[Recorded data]

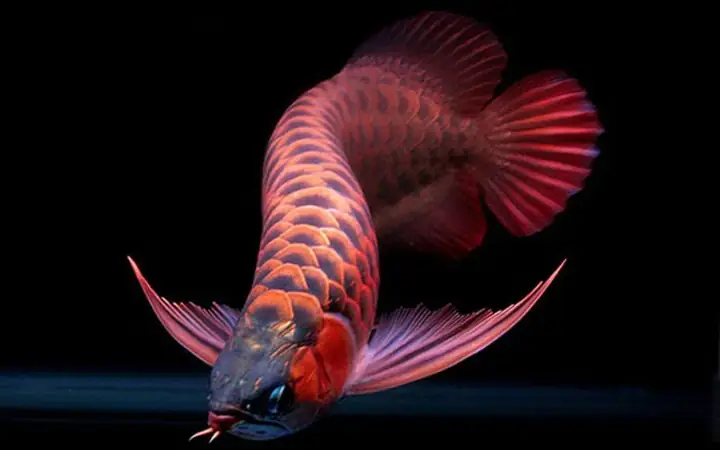 mua cá rồng con giá rẻ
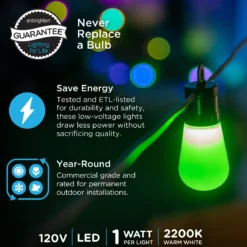 Enbrighten WiFi VIBE Color-Changing Lightweight LED Cafe Lights, 30 Plastic Bulbs, 96ft. Black Cord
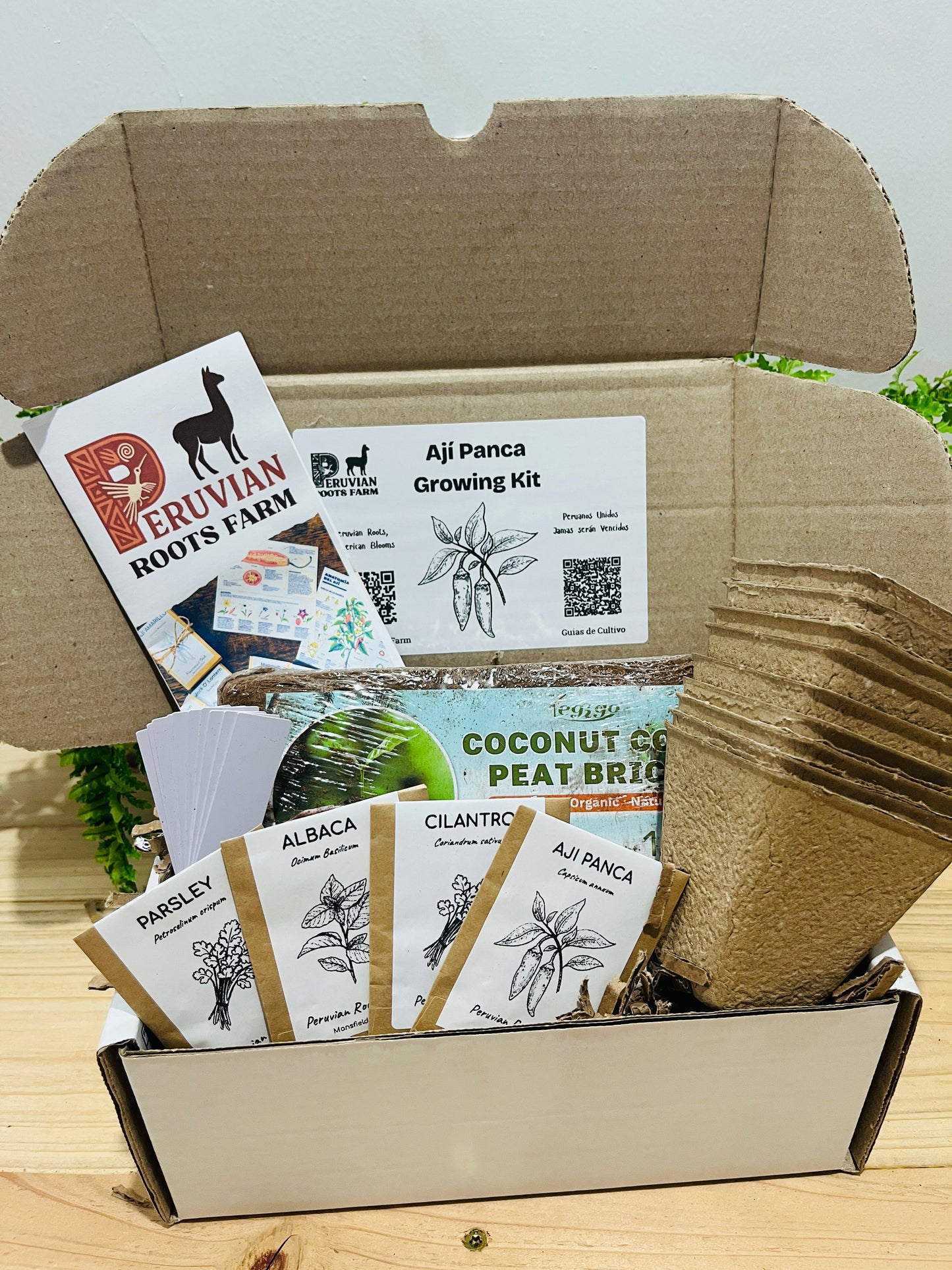 Peruvian Ají Panca Seed Starter Kit – Limited Edition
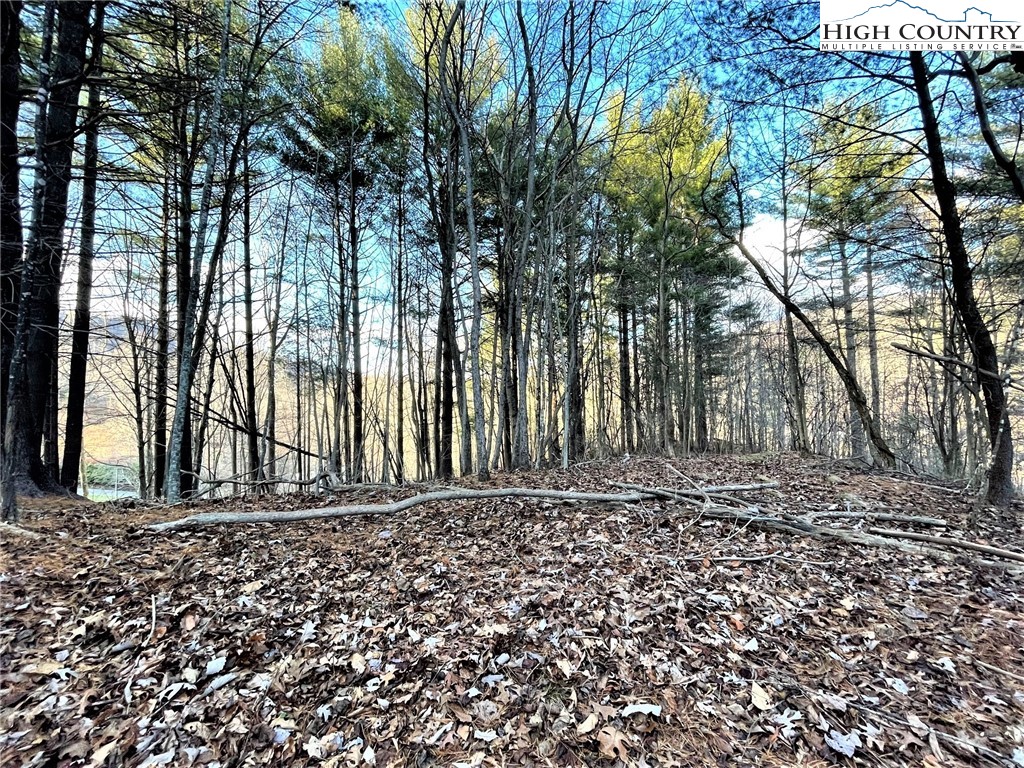 130 Tom Pless Road West Jefferson, NC 28694 - Photo 8 of 26 Gallery Image 8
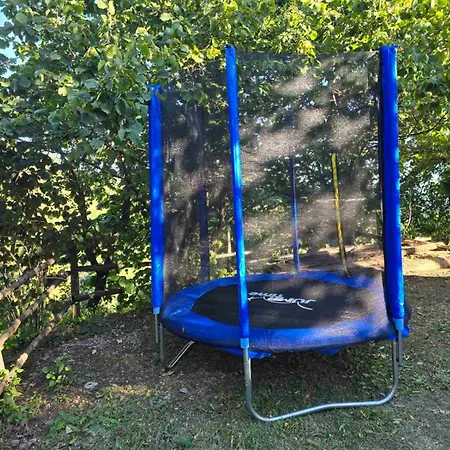 Miliceva Ruza Дом отдыха Златибор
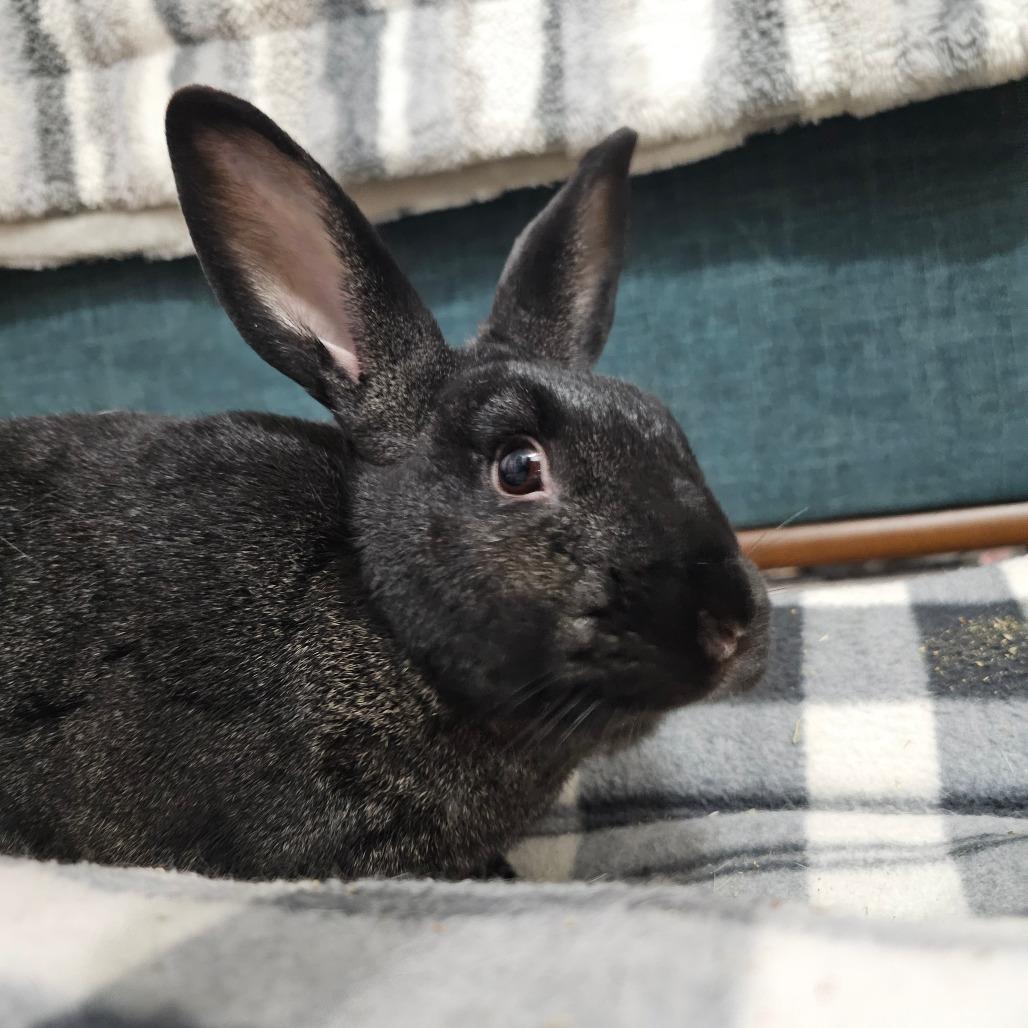 Enlarge Starfire, a Adoptable Harlequin in The Woodlands, TX image 5/5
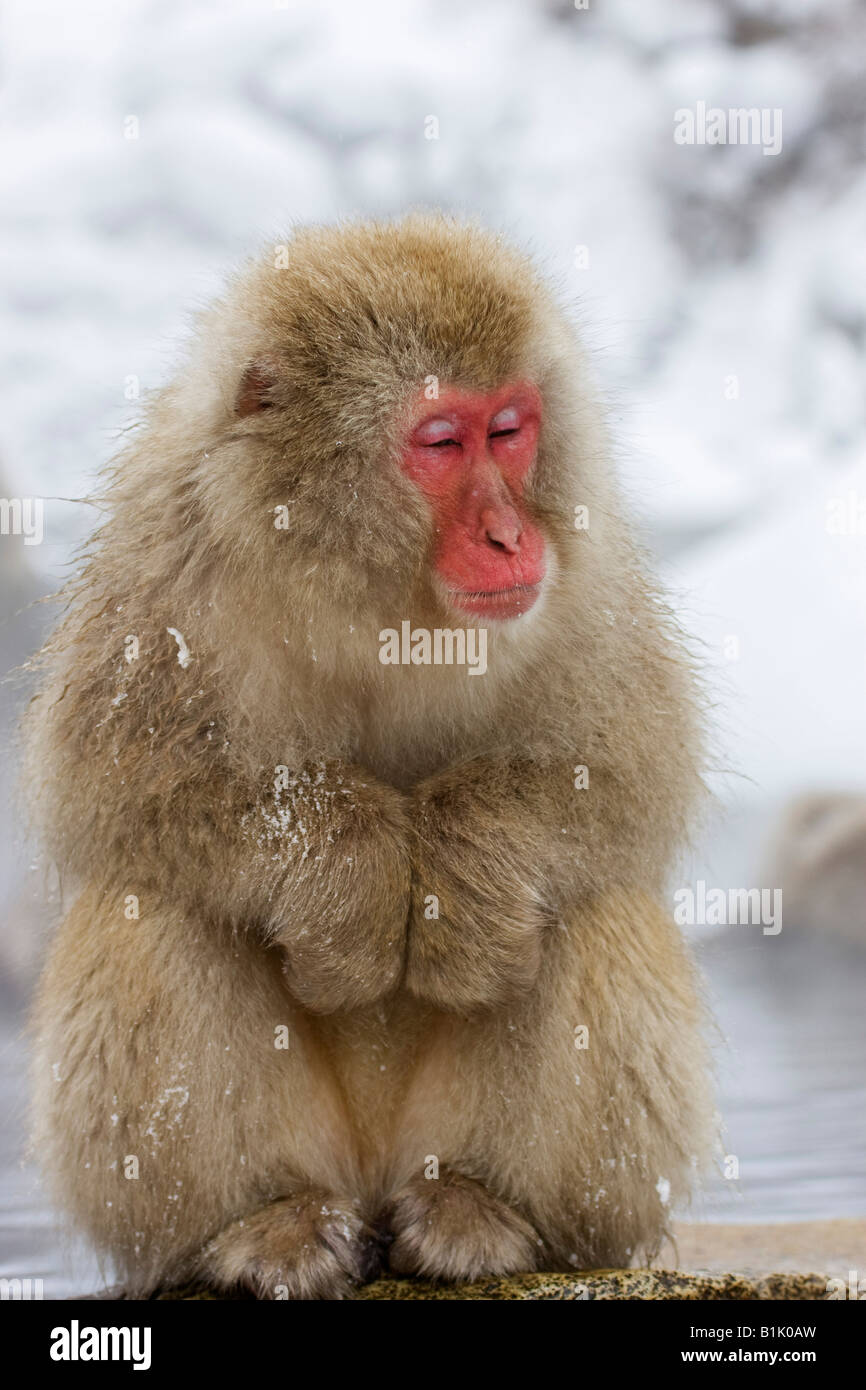 Red-faced Japanese Macaque snow monkey  sitting cuddled up in snow near hot spring pool Jigokudani Honshu Japan Stock Photo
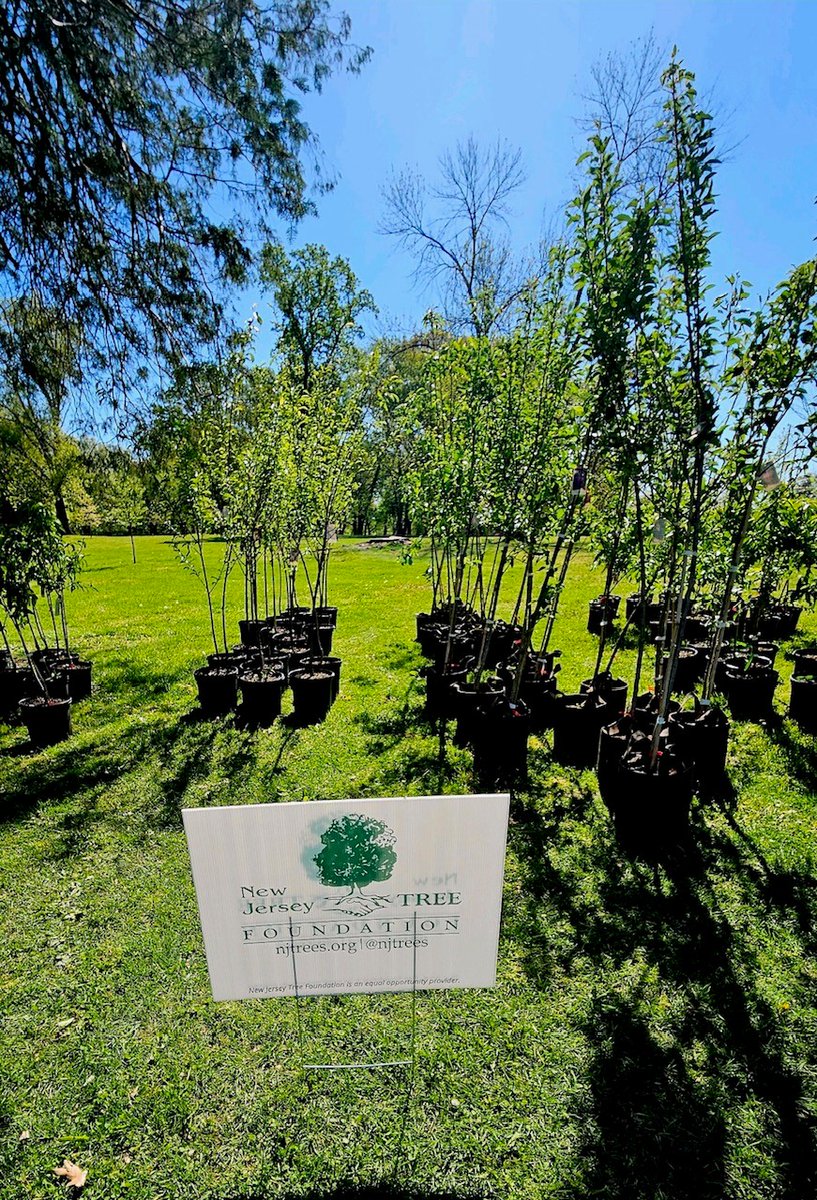 Happy #ArborDay from Camden! We are thrilled to be part of today’s celebration of urban and community forestry in New Jersey! #FundingUrbanForestry #IRA @NewJerseyDEP @ForestService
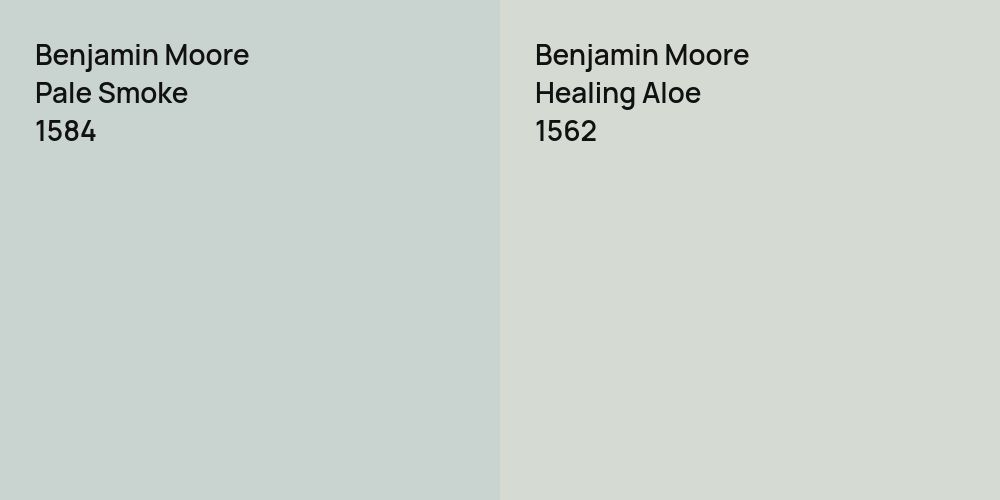 Benjamin Moore Pale Smoke vs. Benjamin Moore Healing Aloe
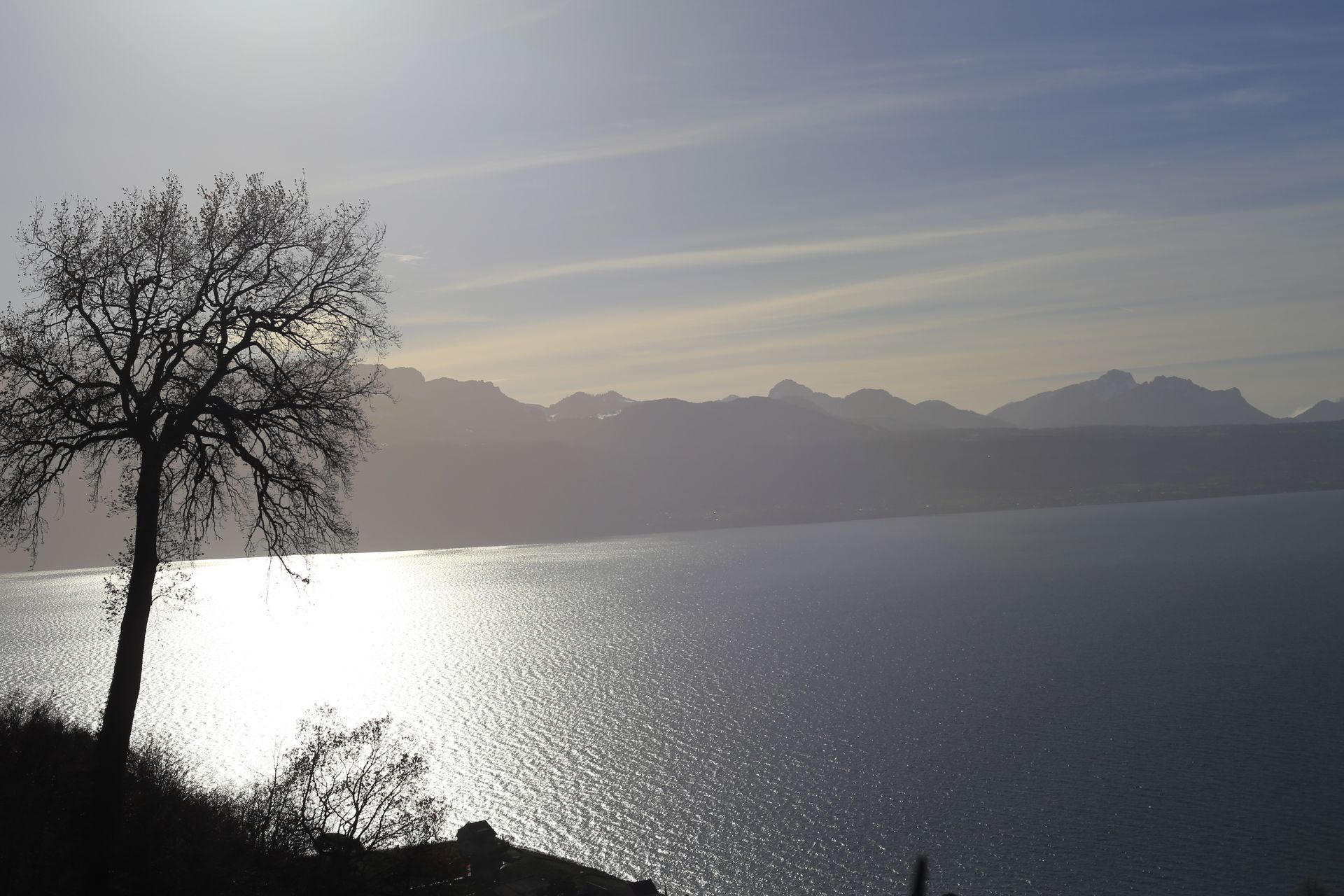 Domaine Mermetus au coeur du Lavaux: Viticulture biologique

• Your instructions: Repeat, without pictures, exactly the lines of the data above from the one containing "Enbrighten WiFi VIBE" through the one containing "Enlarge Starfire, a", including both and adding nothing.

• Answer below:
 Enbrighten WiFi VIBE Color-Changing Lightweight LED Cafe Lights, 30 Plastic Bulbs, 96ft. Black Cord
 Peruvian Ají Panca Seed Starter Kit – Limited Edition
 130 Tom Pless Road West Jefferson, NC 28694 - Photo 8 of 26 Gallery Image 8
 Miliceva Ruza Дом отдыха Златибор
 Enlarge Starfire, a Adoptable Harlequin in The Woodlands, TX image 5/5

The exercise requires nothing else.